Captioned web image data:
·····

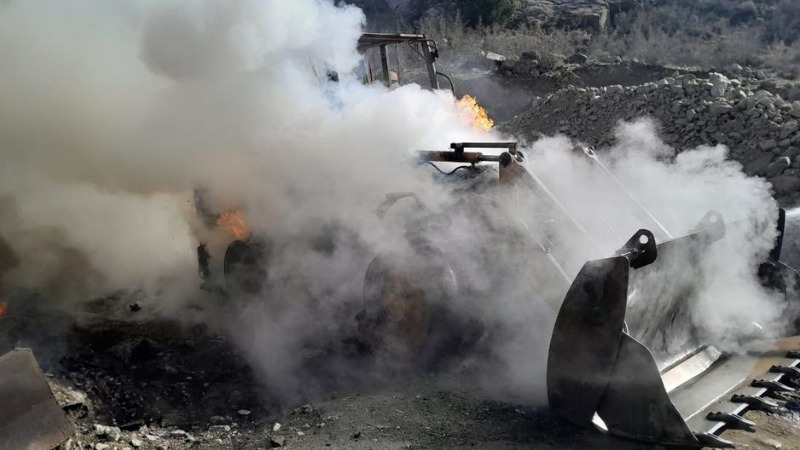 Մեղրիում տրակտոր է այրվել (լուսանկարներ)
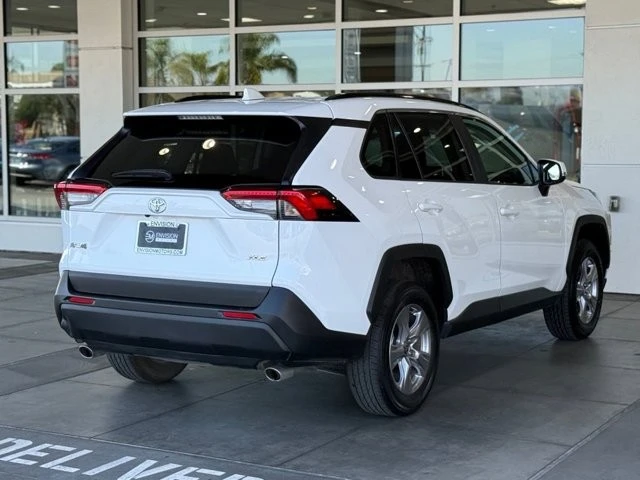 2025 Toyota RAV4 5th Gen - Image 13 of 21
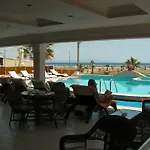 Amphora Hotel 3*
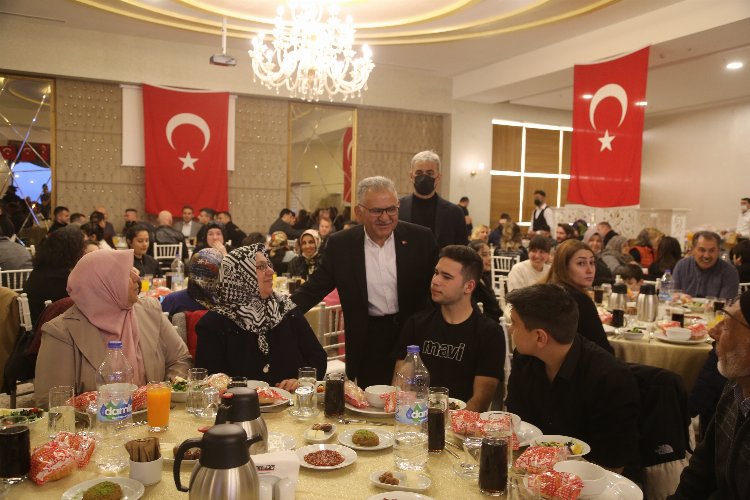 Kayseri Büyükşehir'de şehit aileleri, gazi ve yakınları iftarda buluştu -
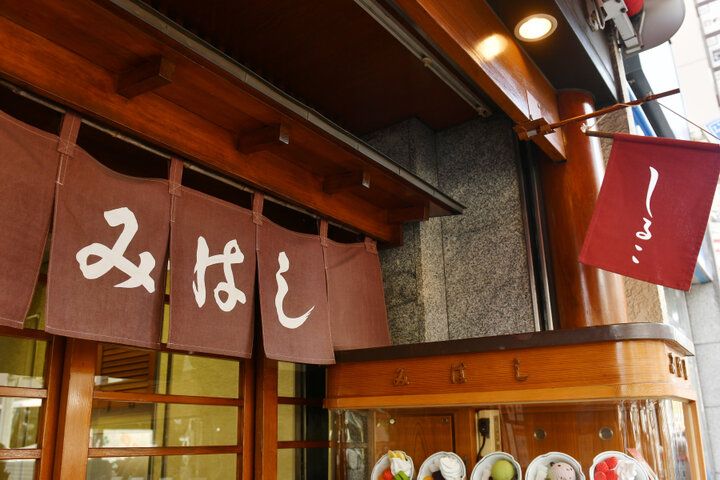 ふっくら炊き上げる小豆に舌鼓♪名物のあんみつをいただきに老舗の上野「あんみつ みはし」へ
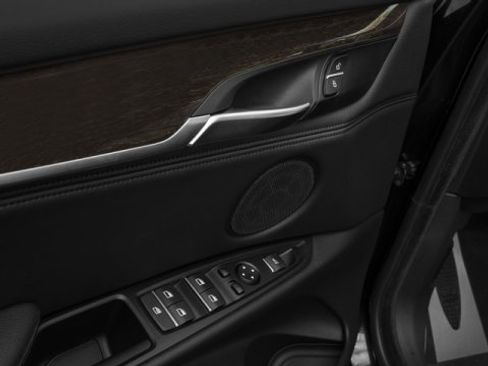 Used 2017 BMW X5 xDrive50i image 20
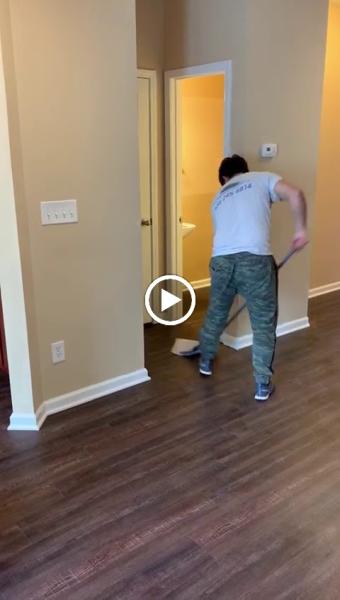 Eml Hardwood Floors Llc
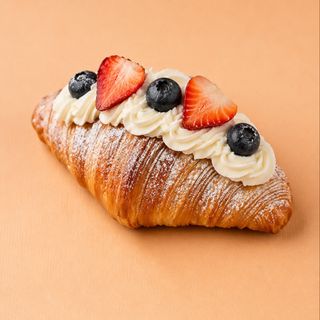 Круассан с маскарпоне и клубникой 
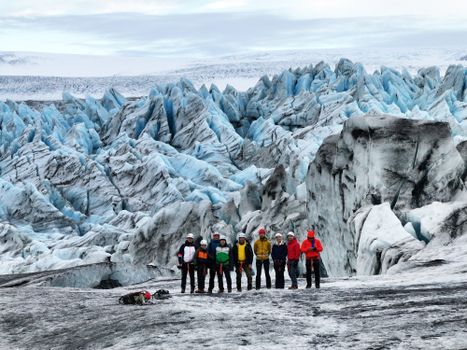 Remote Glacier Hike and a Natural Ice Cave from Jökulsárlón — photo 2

·····

Task item: Write the data out again exactly, but without its images.

Solution:
 Մեղրիում տրակտոր է այրվել (լուսանկարներ)
 2025 Toyota RAV4 5th Gen - Image 13 of 21
 Amphora Hotel 3*
 Kayseri Büyükşehir'de şehit aileleri, gazi ve yakınları iftarda buluştu -
 ふっくら炊き上げる小豆に舌鼓♪名物のあんみつをいただきに老舗の上野「あんみつ みはし」へ
 Used 2017 BMW X5 xDrive50i image 20
 Eml Hardwood Floors Llc
 Круассан с маскарпоне и клубникой 
 Remote Glacier Hike and a Natural Ice Cave from Jökulsárlón — photo 2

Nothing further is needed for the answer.